--- Work request ---
Please reproduce the listing word for word. Pictures stay out.

--- Recorded data ---

+++

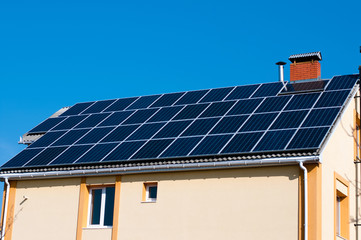 Fototapeta premium Solar panel system on house roof, sunny blue sky background.Blue solar panels. 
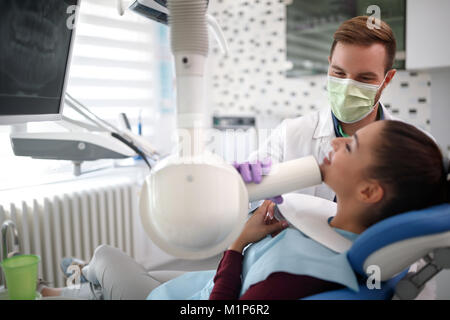 Junge Zahnarzt überprüfung oben Zähne Frau mit x-ray Stockfoto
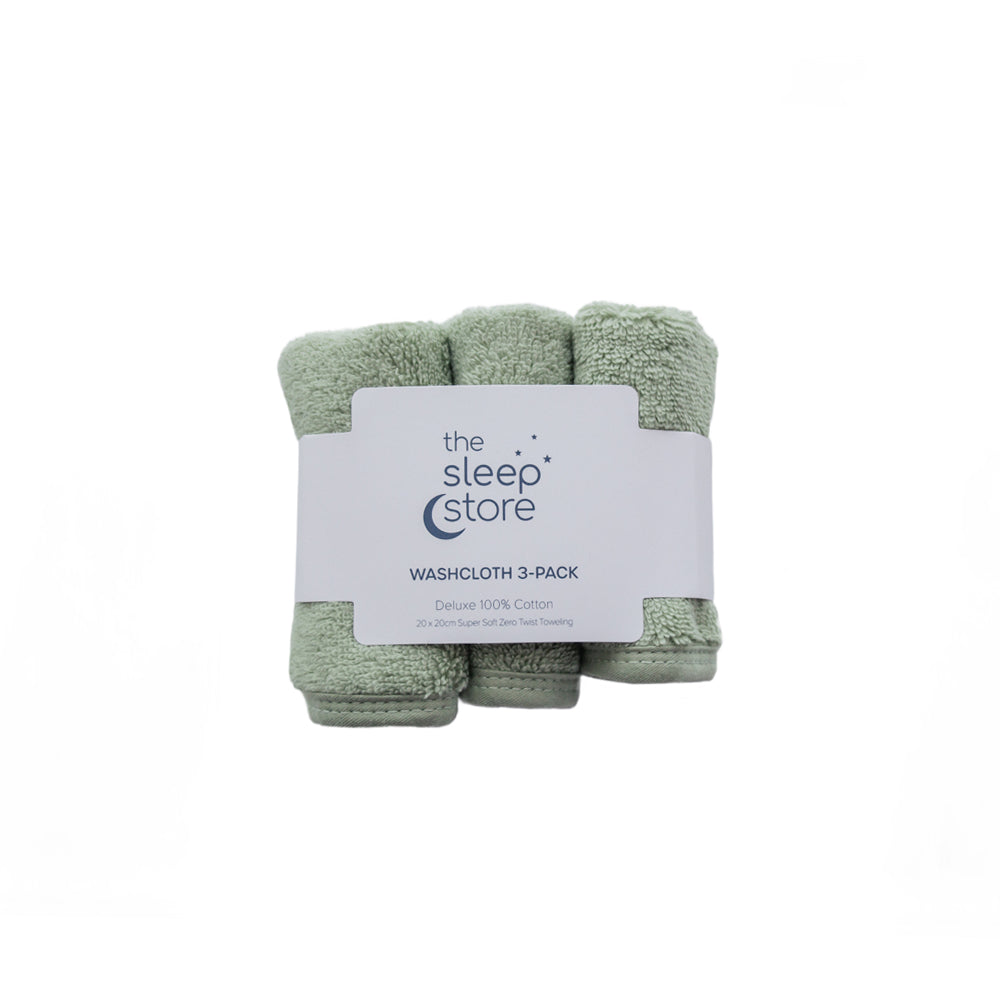 Three green cotton terry washcloths in a package with 'The Sleep Store' label on a white background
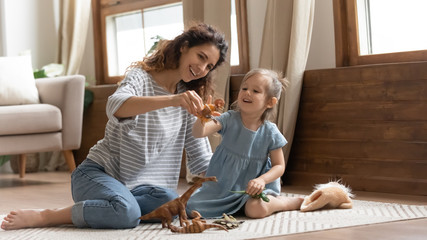 Overjoyed family of two playing with toys on floor carpet.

+++

--- Exercise solution ---
 Fototapeta premium Solar panel system on house roof, sunny blue sky background.Blue solar panels. 
 Junge Zahnarzt überprüfung oben Zähne Frau mit x-ray Stockfoto
 Three green cotton terry washcloths in a package with 'The Sleep Store' label on a white background
 Overjoyed family of two playing with toys on floor carpet.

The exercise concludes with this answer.